One unique aspect of life in Seattle is the number of practicing witches, sorcerers, pagans, warlocks, faeries, alchemists, and other magical folk who call it home. From attending a Gnostic mass at Horizon Lodge—a beautiful temple in Magnolia overseen by followers of Thelema, the religion Aleister Crowley founded—to learning herbal crafts from hedge witches in secret backyard poison gardens to strolling the aisles of the Metaphysical Library in Ballard (currently celebrating its 55th year of operation) and losing yourself in subjects ranging from astral projection to Zoroastrianism, our wealth of options reflects the density and variety of local practitioners. If you’re looking for a nexus for this diversity, look no further than the Esoteric Book Conference, a two-day convention, now in its eighth year, featuring lectures from world-renowned speakers, an art show, and a book fair, all focused on esoteric and occult studies.

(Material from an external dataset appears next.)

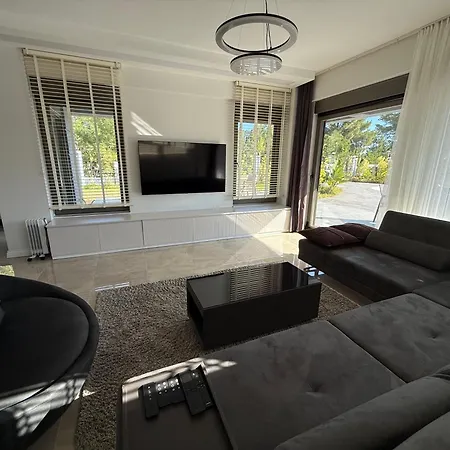 Вилла Canyon Goeynuek Kemer With Pool *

Beginning in 2009, the EBC was a way for William Kiesel, local occult author and the driving force behind Ouroboros Press, to bring together like-minded people. “The esoteric community had grown quite large in Seattle, and as many bookstores continued to close their doors, there was an increasing need for a venue for people to browse the many new esoteric publications which were beginning to come out at a rapid pace,” he explains. “As a publisher and bookseller of many years myself, I had experience with book fairs and knew many publishers and booksellers who specialized in esoterica. It was a natural extension of my activities in the book world.”

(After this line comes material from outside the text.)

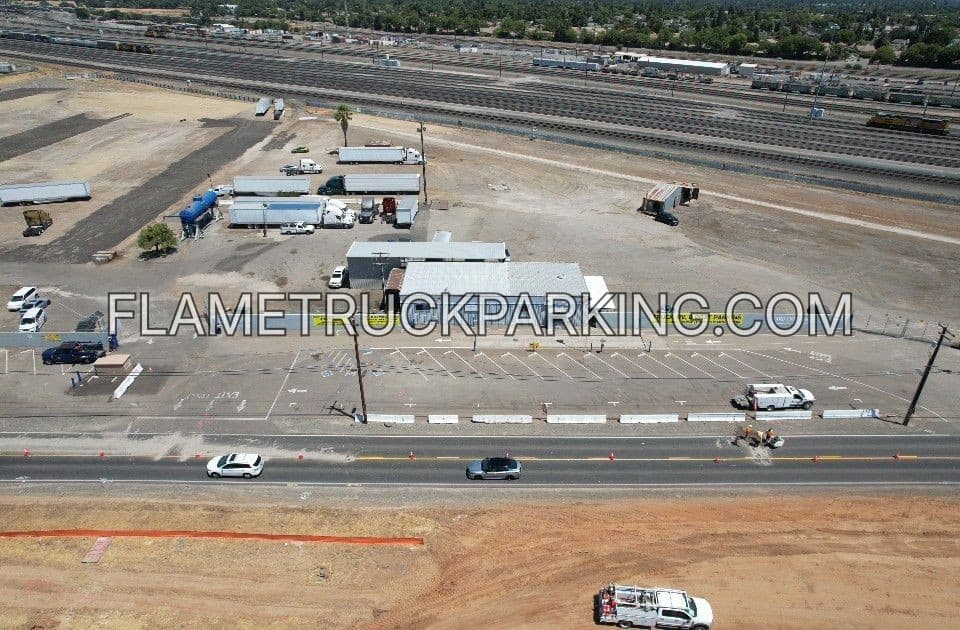 Antelope Yard, CA — photo 2 of 5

In past years the conference has taken a close look at such disparate subjects as Gnosticism, Voudon, theosophy, chaos magick, Mayan cosmology, Freemasonry, shamanism, and herbalism. The conference has also played host to heavy hitters like filmmaker Brian Butler, whose work with Kenneth Anger and Vincent Gallo is quietly becoming the standard in occult film, and Adam Parfrey, head honcho at Feral House publishing and the author of the infamous book on black metal’s Satanic history, Lords of Chaos.

Books from Kiesel’s Ouroboros Press.

Folks coming to the EBC hoping to find cackling witches hovering over bubbling cauldrons or dark-robed wizards tossing glowing fireballs may be disappointed. However, for those “with eyes to see and ears to hear,” treasures abound. This year’s conference is packed with lectures, presentations, and artwork addressing witchcraft, alchemy, and body adornment as spiritual practice, just to name a few. Three presentations in particular are on my must-see list.

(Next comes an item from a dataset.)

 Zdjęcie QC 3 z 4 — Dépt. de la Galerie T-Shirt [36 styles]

First, Pulitzer Prize-winner Louis Sahagun’s lecture on the magickal maverick Manly P. Hall, author of The Secret Teachings of All Ages, who all but introduced modern occultism to the West Coast, blowing up in L.A. in the 1930s, before dying of mysterious circumstances in 1990. Second, Jason Louv, the brains and heart behind the fantastically progressive occult blog and journal Ultraculture (and writer for Vice, BoingBoing, Esquire, and more) will speak on John Dee, an incredibly complex figure from the late 1500s who was the founder of Enochian magick, an advisor to Elizabeth I, and just possibly the person who revealed the magical system for the New World Order. Lastly, Pam Grossman (Abraxas Journal, Huffington Post, MSN) will present a history of witches as artists, a guided journey through their work within movements such as modernism, surrealism, and abstraction.

“As a conference whose focus is on esoteric books, I believe we are unique,” Kiesel says. “There are other first-rate events in the U.S. and abroad; the Occult Humanities Conference in New York and the Occult Conference in the UK come to mind. One of the wonderful things about the EBC is that we have so many folks traveling here from other places to participate.”

Book lovers will find rare, out of print, self-published, and other hard-to-find occult tomes, and will also have access to extremely small magickal publishing houses, whose books can be very hard to find in normal stores. Take the goatskin-bound tomes from publishers such as Scarlet Imprint—who treat the very act of bookbinding itself as a magical act—or the first-edition Gerald Gardner titles I scored a few years ago (he’s one of the founders of modern Wicca).

Scarlet Imprint’s “Exu and the Quimbanda of Night and Fire”

But book lovers will also find community. While Kiesel and other EBC hosts work hard to find quality lecturers and artists, they also hope the conference will engender camaraderie, providing a place where esoteric students and those who are simply curious can come together from all over the world and exchange ideas, make friends, and hopefully find that special grimoire that will complete their collection or advance their personal studies.

“There were times in early years when I wondered if all the time to put this on was worth it,” Kiesel says. “And every year I would answer yes due to the enormous positive feedback I received from attendees, guest speakers, and the publishers and booksellers… really, it’s the community that makes this happen.” Esoteric Book Conference, William H. Foege Hall, UW, 3720 15th Ave NE, esotericbookconference.com. $60-$140 (book fair is free). All Ages. Sat., Sept. 10 – Sun., Sept. 11.